和やかに喜び合う時。私心や打算なく、純粋に他者と喜びを分かち合える状態にある。穏やかで澄んだ悦びは、誰をも傷つけずに広がってゆき吉となる。
カテゴリ別解釈
恋愛・婚活
言葉と喜びが二人を潤す時。会話が弾み、共に笑える関係に発展しやすい。ただし表面的な悦楽や媚びは長続きしない。誠実さに裏打ちされた喜びこそ本物の絆を育てる。出会いを求めるなら朋友や学びの場が吉。共に学び論じ合える相手こそ、生涯の伴侶となり得る。「孚兌吉」の象が示す通り、駆け引きより真心、技巧より誠を選ぶ者に深い縁が訪れる。すでに恋人がいる人は、感謝の言葉を惜しまず伝えること。沈黙より対話、対話より共鳴が運命を整える。
仕事・転職
対話・交渉・プレゼンテーションで力を発揮する時期。言葉の力が結果を左右する。

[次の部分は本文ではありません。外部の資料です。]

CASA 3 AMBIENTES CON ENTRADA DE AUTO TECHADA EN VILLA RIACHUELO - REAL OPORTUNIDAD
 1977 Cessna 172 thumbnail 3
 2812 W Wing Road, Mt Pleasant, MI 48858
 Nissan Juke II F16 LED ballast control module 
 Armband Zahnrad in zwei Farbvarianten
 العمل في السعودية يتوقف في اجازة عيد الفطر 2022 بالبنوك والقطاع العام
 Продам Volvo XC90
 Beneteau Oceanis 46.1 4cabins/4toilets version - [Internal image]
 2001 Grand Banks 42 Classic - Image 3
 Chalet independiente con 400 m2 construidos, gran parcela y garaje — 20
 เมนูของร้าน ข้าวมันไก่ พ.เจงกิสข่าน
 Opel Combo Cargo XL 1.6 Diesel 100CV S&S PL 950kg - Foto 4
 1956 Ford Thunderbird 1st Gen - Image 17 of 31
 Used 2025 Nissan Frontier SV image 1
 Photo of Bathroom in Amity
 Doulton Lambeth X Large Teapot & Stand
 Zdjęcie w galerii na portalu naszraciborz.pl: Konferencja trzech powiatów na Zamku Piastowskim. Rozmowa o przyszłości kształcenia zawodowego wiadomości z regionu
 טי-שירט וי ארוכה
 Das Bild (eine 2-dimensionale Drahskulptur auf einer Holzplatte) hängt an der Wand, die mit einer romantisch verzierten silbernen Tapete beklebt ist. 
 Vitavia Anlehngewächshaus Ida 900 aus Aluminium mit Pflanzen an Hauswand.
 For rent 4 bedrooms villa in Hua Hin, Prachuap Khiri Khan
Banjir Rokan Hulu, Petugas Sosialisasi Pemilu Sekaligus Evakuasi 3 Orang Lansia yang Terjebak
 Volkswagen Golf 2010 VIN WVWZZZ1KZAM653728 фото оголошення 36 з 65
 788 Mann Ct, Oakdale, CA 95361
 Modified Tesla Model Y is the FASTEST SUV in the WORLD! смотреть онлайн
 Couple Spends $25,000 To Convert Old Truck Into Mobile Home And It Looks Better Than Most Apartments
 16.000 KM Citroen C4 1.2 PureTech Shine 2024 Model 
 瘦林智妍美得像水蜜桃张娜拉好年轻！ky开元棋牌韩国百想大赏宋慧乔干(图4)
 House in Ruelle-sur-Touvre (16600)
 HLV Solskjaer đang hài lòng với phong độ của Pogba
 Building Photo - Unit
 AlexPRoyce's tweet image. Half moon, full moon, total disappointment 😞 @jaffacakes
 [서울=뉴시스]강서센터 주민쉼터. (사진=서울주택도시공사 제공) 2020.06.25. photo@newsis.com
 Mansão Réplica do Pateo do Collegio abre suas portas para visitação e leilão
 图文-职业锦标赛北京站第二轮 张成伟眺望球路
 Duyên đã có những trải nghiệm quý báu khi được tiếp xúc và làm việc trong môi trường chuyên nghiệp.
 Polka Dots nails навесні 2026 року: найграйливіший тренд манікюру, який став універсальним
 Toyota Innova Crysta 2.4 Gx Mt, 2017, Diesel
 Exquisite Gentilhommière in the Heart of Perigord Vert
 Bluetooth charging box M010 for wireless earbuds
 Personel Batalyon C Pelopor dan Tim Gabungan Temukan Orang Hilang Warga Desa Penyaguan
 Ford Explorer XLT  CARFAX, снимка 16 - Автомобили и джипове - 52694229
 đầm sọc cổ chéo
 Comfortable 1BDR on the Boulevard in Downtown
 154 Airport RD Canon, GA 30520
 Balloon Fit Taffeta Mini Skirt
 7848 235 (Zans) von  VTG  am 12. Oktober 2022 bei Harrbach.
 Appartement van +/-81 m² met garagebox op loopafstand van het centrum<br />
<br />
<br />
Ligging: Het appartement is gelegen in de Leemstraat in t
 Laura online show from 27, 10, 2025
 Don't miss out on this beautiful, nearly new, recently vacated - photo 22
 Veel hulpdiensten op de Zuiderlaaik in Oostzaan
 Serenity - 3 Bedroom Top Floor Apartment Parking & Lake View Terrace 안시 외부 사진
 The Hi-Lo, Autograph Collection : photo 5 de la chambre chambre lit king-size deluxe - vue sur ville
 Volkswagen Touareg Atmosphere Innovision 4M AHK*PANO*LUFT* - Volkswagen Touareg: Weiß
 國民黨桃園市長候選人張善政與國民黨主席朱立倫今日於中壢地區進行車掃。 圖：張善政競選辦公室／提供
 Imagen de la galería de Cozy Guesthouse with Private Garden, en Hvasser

同僚や顧客と喜びを共有することで仕事が滑らかに進む。ただし口先だけの取引や媚び売りは凶。誠を伴った言葉、共に学ぶ姿勢が信頼の基盤となる。教育・コーチング・コンサルティングなど人を導く仕事には特に吉。チームに笑顔と対話を取り戻すリーダーシップが、停滞を一気に動かす。「朋友と講習す」の象が示す通り、仲間との学び合いが最大の資源となる時。
全体運・金運
喜びが連なる華やかな運気。友人・仲間との交流が運を運び、対話の中から思わぬ縁が生まれる。ただし「来兌」「孚于剝」の戒めの通り、誰と喜びを分かち合うかを吟味すること。占ってこの卦が出たら「正しき喜びは天に通ず」と心得よ。表面の悦楽より、心からの和やかな喜びを選ぶ姿勢が運命を整える。健康面では口・喉・歯に注意。発する言葉そのものが運気を作るので、感謝・励まし・誠の言葉を意識的に使うこと。和やかな笑顔がそのまま富となる時期である。